Background & Purpose

Movements for sexual citizenship and equal rights for sexual minorities across the region (particularly in the Anglophone but also in the Dutch, French, and Spanish Caribbean) are growing and have garnered local and international media attention. Scholarship and cultural representations on these topics are also greatly expanding, including works that seek to make comparisons across enormously varied experiences, encompassing a variety of languages, colonial traditions, forms of political sovereignty, and relationships with diasporic populations. With recent court cases challenging discriminatory laws and the backlash and frenzy over a so-called “gay lobby” in the region, we are at a crucial juncture of visibility, misrepresentation, anti-sexual minority violence, increased activism, lawsuits, and ongoing survival. It is a vital time to respond to recent events critically and from myriad perspectives, as well as to reflect on these movements, make interventions, fight against misrepresentation and violence, and share strategies for community building and solidarity.

This special collection by Sargasso and the Caribbean International Resource Network (IRN) offers different reflections and perspectives on these issues.
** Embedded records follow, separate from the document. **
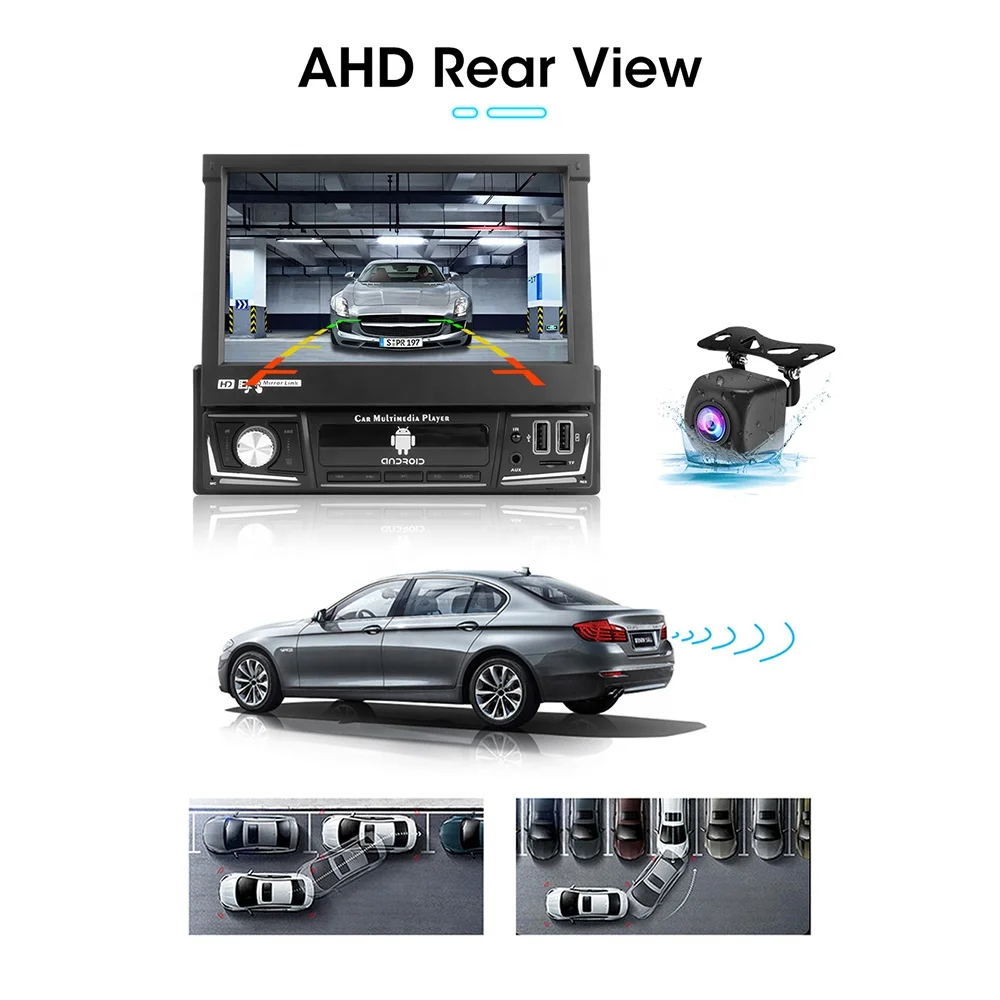 Jmance 7 inch Screen Retractable 1 Din Universal Car Radio 1024*600 Multimedia Playback DSP 48 EQ Player Video Music DVD Player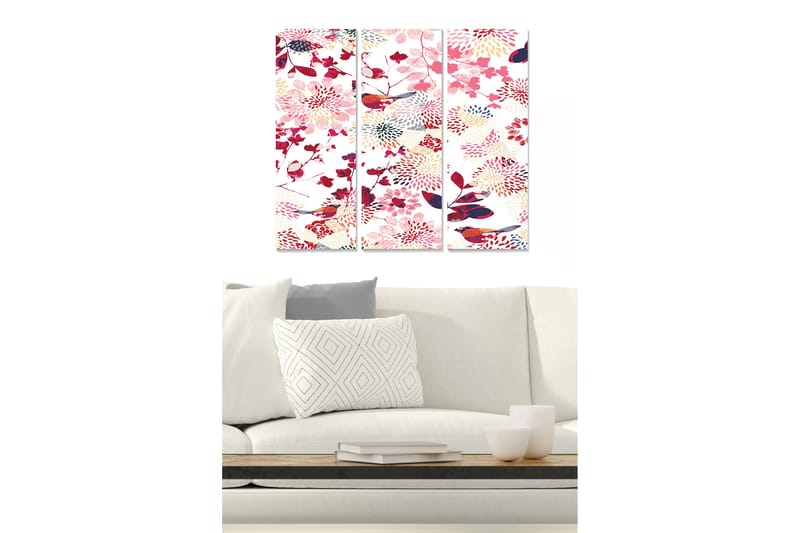 CANVASTAVLA Floral 3-pack Flerfärgad 20x50 cm - Inredning & dekor - Tavlor & konst - Canvastavla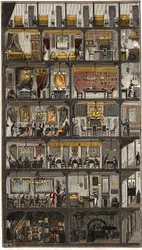 Alloggio a Parigi - Sezione trasversale di una casa parigina nel 1885. in “La Nature. Revue des sciences et de leurs applications aux arts et à l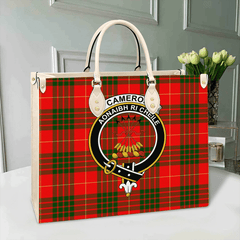 Clan Cameron Modern Tartan Crest Leather Bag CQ80 Clan Cameron Tartan Today   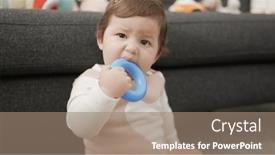  Presentation with plastic - Slide set featuring adorable-toddler-bitting-plastic-hoop background and a coral colored foreground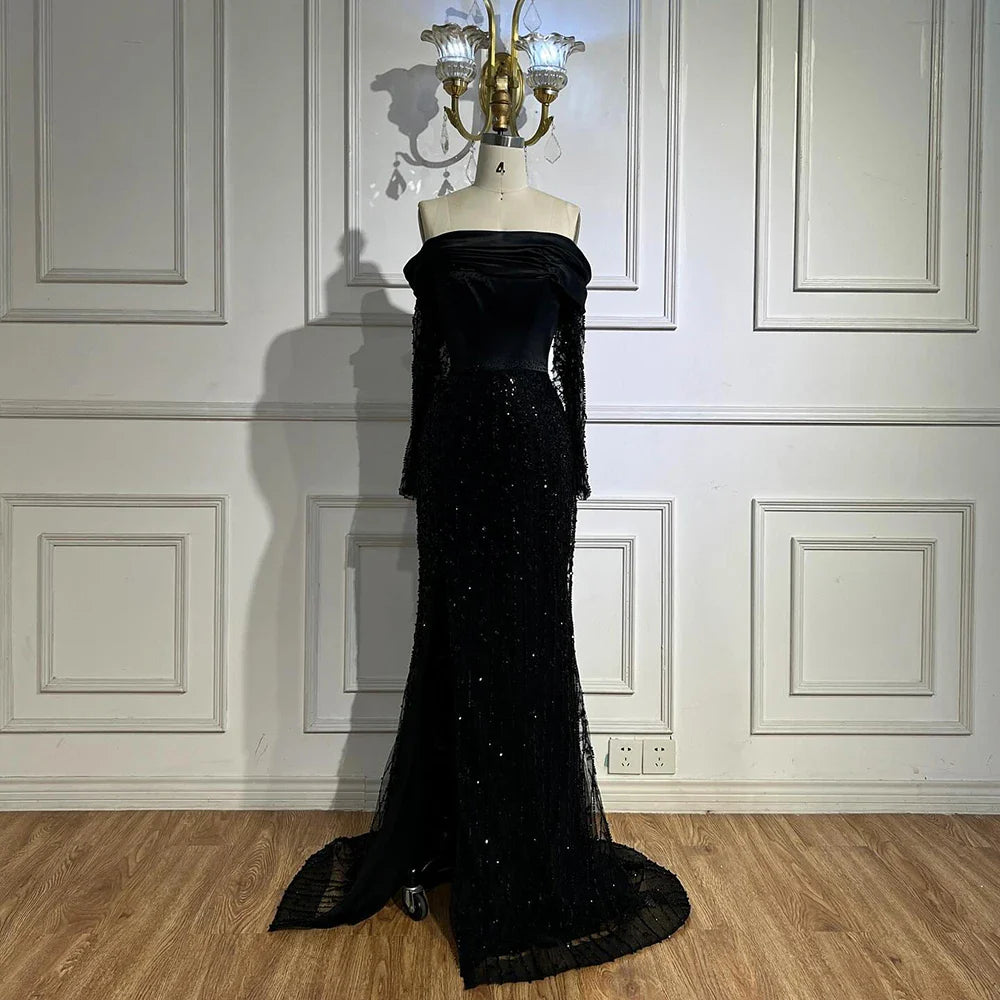 Luxury Designer Black Evening Dress LA72969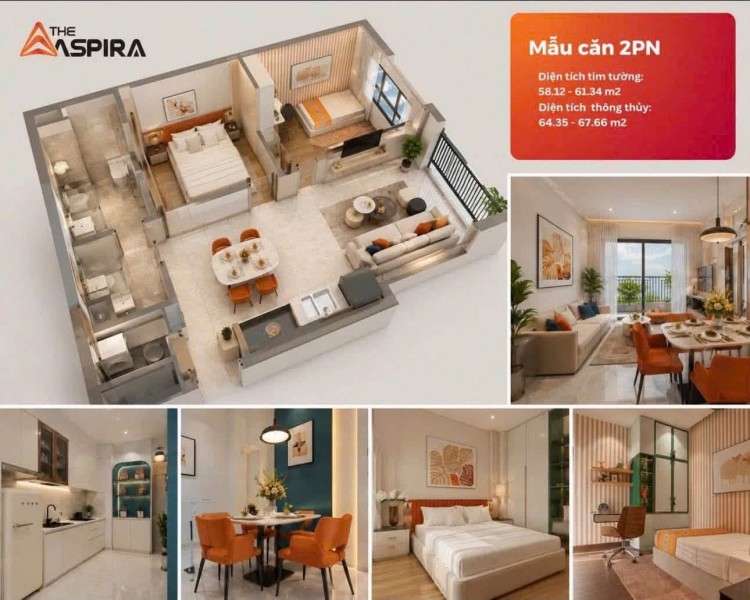 Căn hộ 2PN 66m2 gần Vành đai 3, Metro số 1, vốn ban đầu chỉ 680 triệu, hỗ trợ lãi suất 36 tháng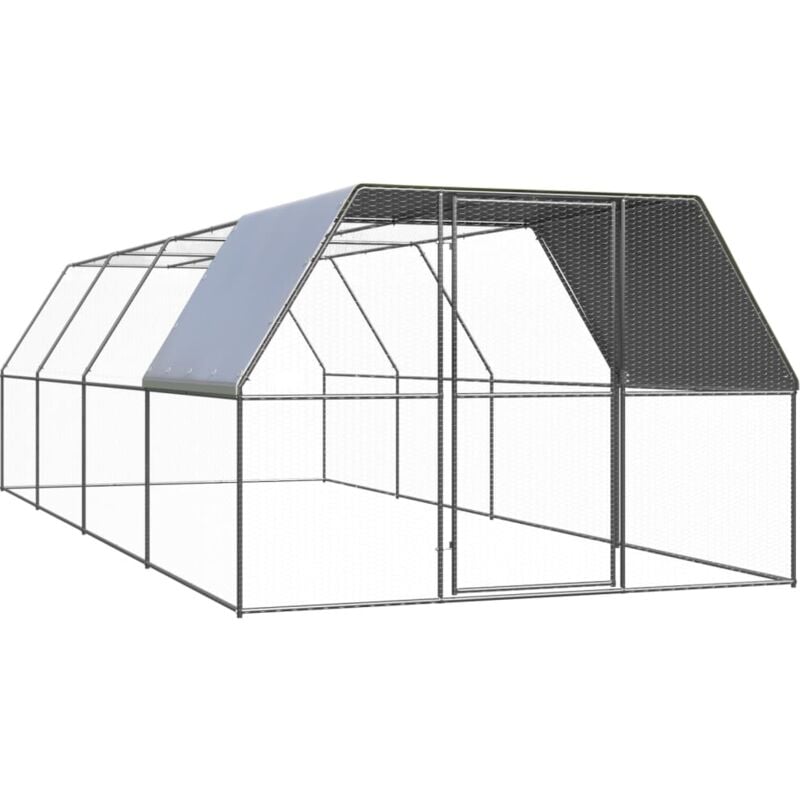foto del prodotto vidaxl pollaio per esterni 3x8x2 m in acciaio zincato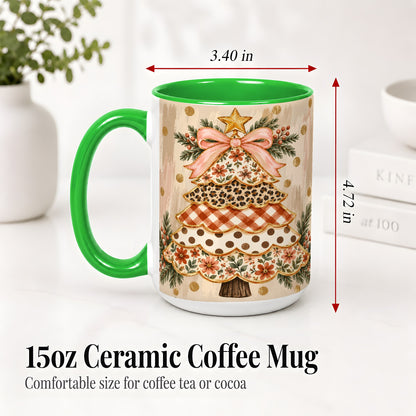 #pl[15oz|Green] Patchwork Christmas Tree Ceramic Mug, Floral Plaid Holiday Art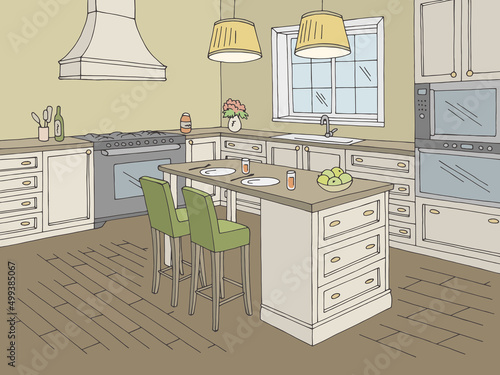 Kitchen room graphic color home interior sketch illustration vector 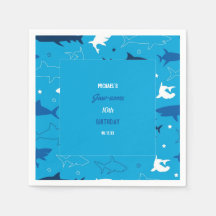 Jaw-some Shark Birthday Party Napkin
The editors posited these questions for contributors to consider: What is the landscape of sexual minority activism across the region? Who are the regional activists and what are the most recent developments? How are these issues being represented in the media, popular culture, and cultural productions? How do we build community, forge resistance to violence and discrimination, and at the same time, demand equal rights and treatment under the law? Where is our hope and love in building community? We envisioned a diverse, multilingual, expansive collection of critical essays, activist reports, interviews and profiles, creative writing, and other works that would reflect on the struggle and movements for sexual justice in the Caribbean. As with the Caribbean IRN’s first collection Theorizing Homophobias in the Caribbean: Complexities of Place, Desire, and Belonging (2012), we seek to disrupt the divide between academia and community, while locating theories and knowledge in multiple sites, discourses, and local voices.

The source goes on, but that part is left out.